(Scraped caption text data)

________

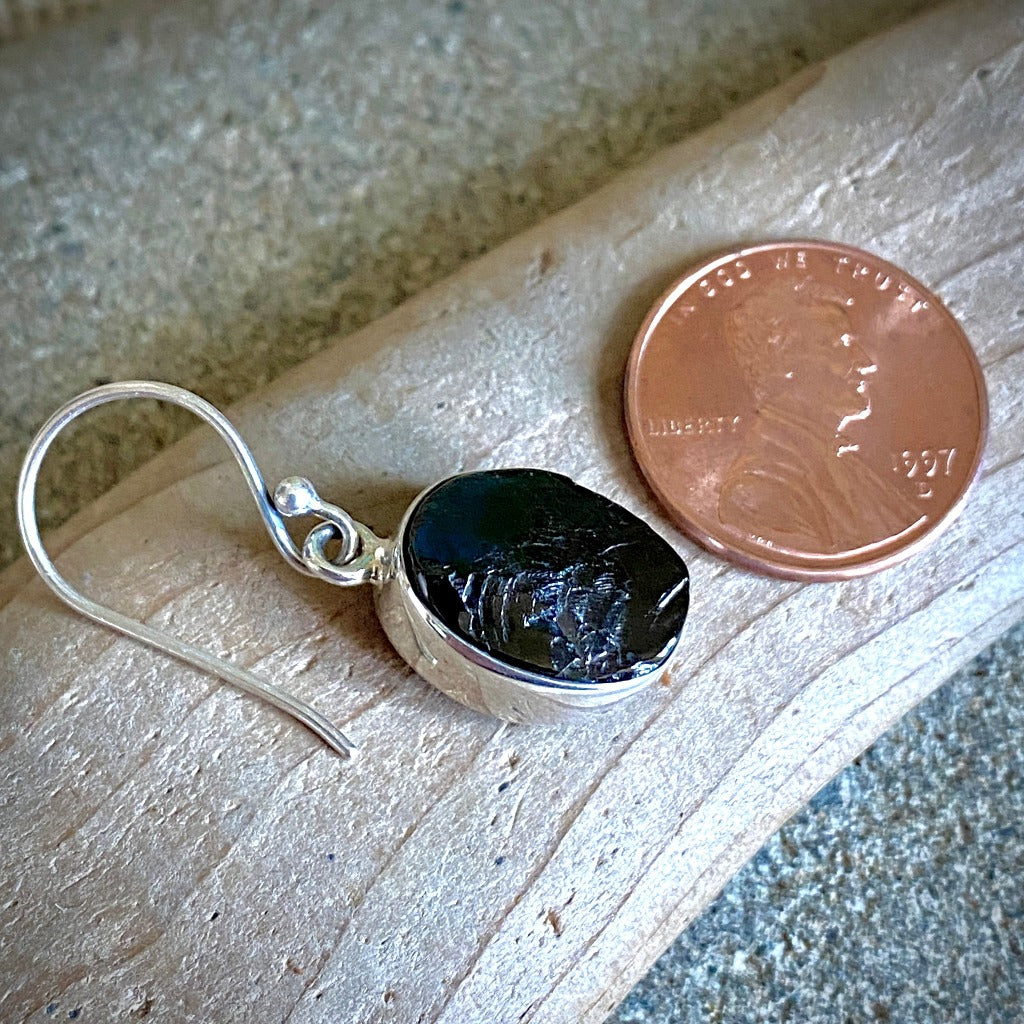 Sterling Silver Elite Shungite Oval Earrings, Vintage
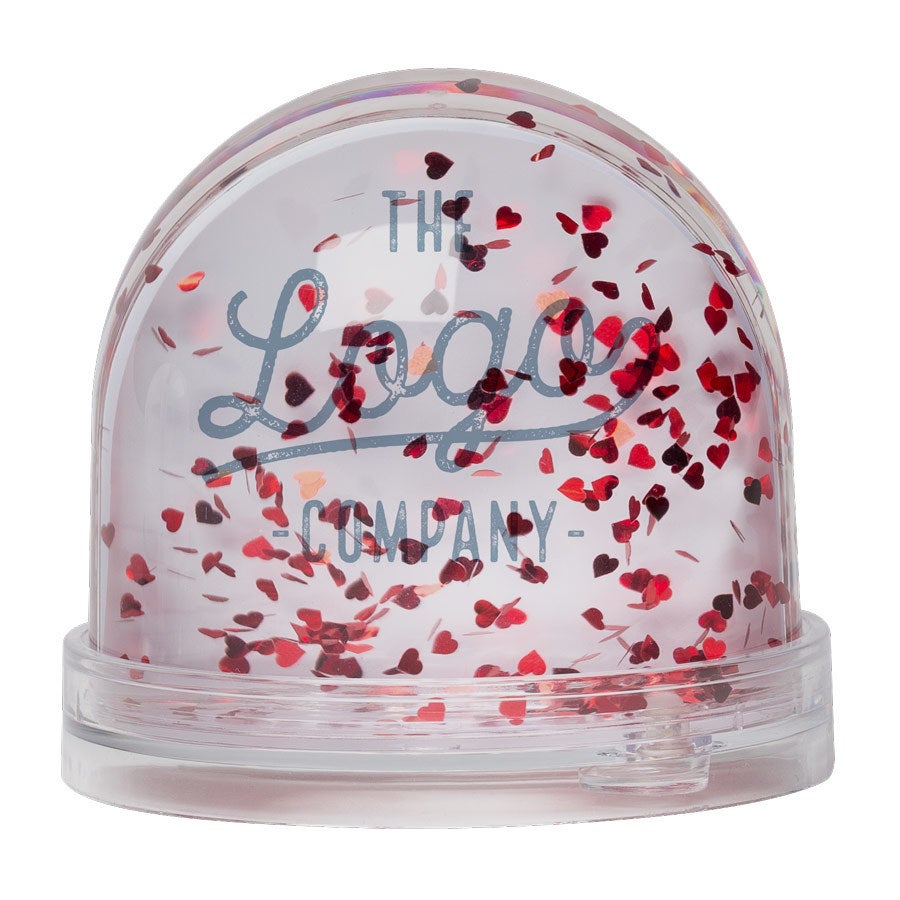 Personalised snow globe - Hearts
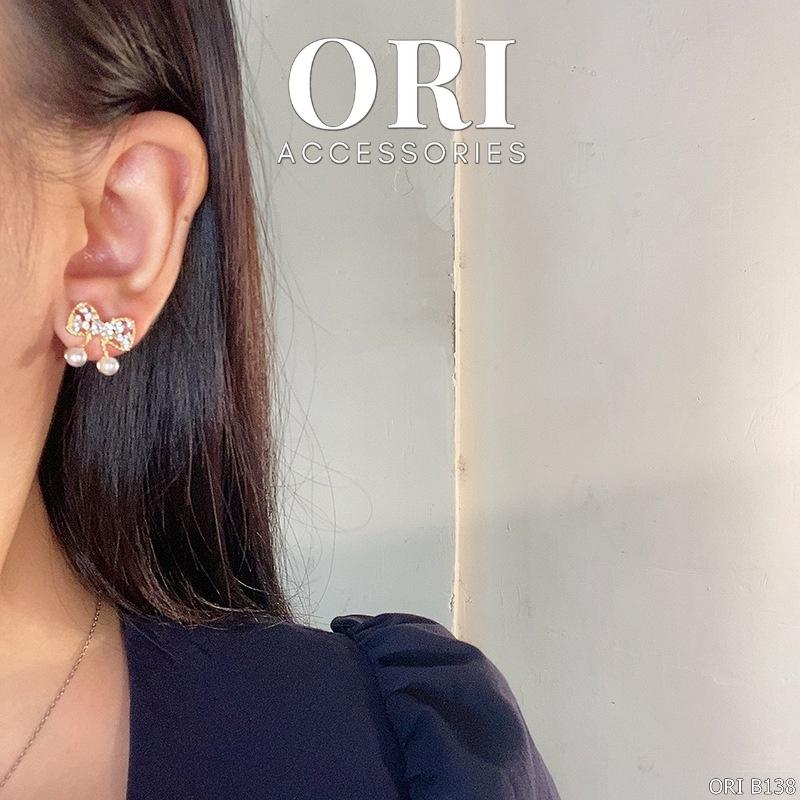 Bông tai hình Nơ đính đá Artemis xinh xắn ORI ACCESSORIES B138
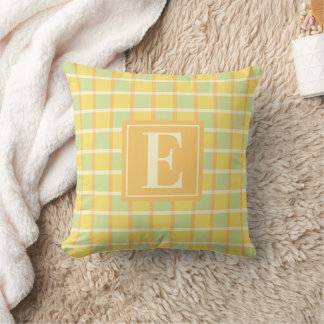 Modern Rutig Grön Gul Orange Monogram Kudde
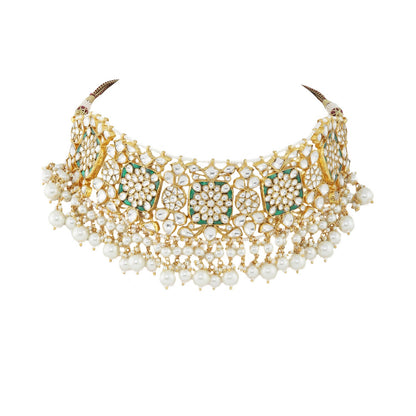 Gold Plated GREEN AND WHITE NECKLACE SET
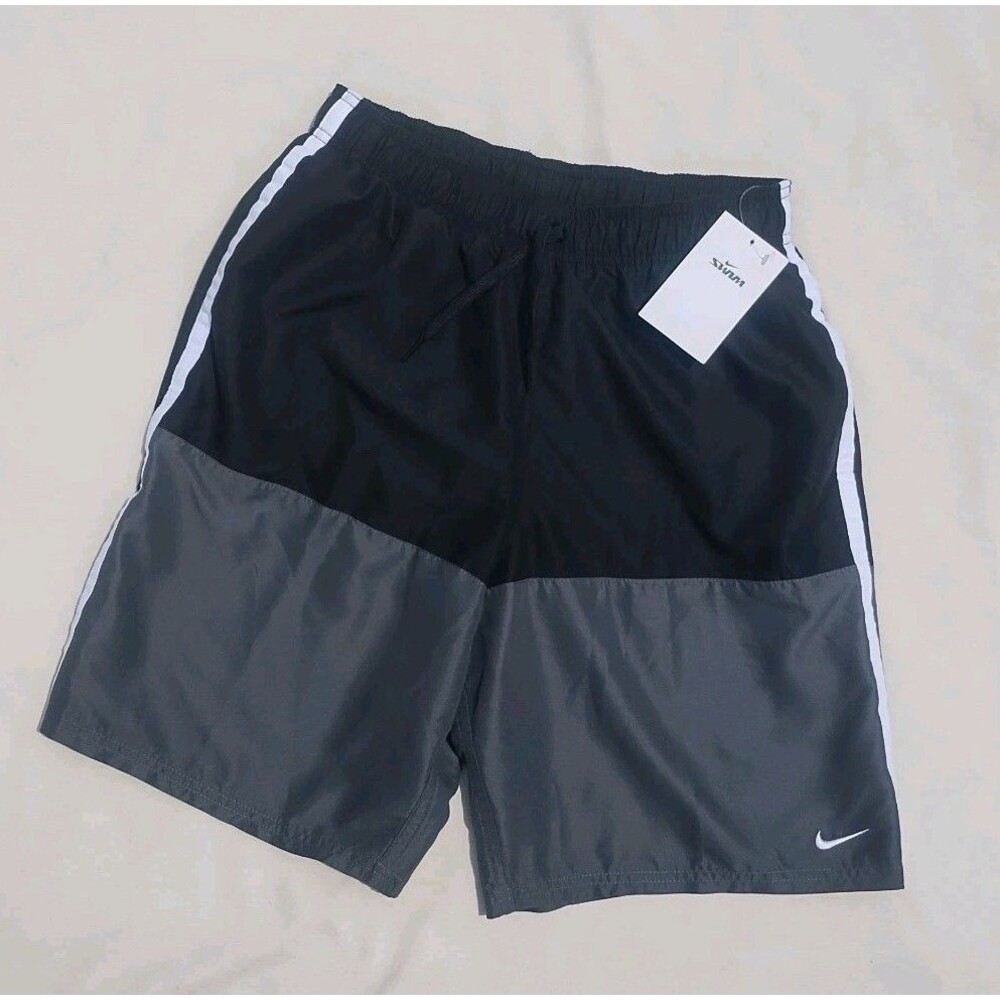 Nike Men’s  Swim 9 Inch Volley Shorts  Black Gray  Size Small NEW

________

Omit the pictures and write out the lines above from the one with "Modern Rutig Grön Gul Orange Monogram Kudde" through the last, unchanged.

→ **EXERCISE OUTPUT**:
 Modern Rutig Grön Gul Orange Monogram Kudde
 Gold Plated GREEN AND WHITE NECKLACE SET
 Nike Men’s  Swim 9 Inch Volley Shorts  Black Gray  Size Small NEW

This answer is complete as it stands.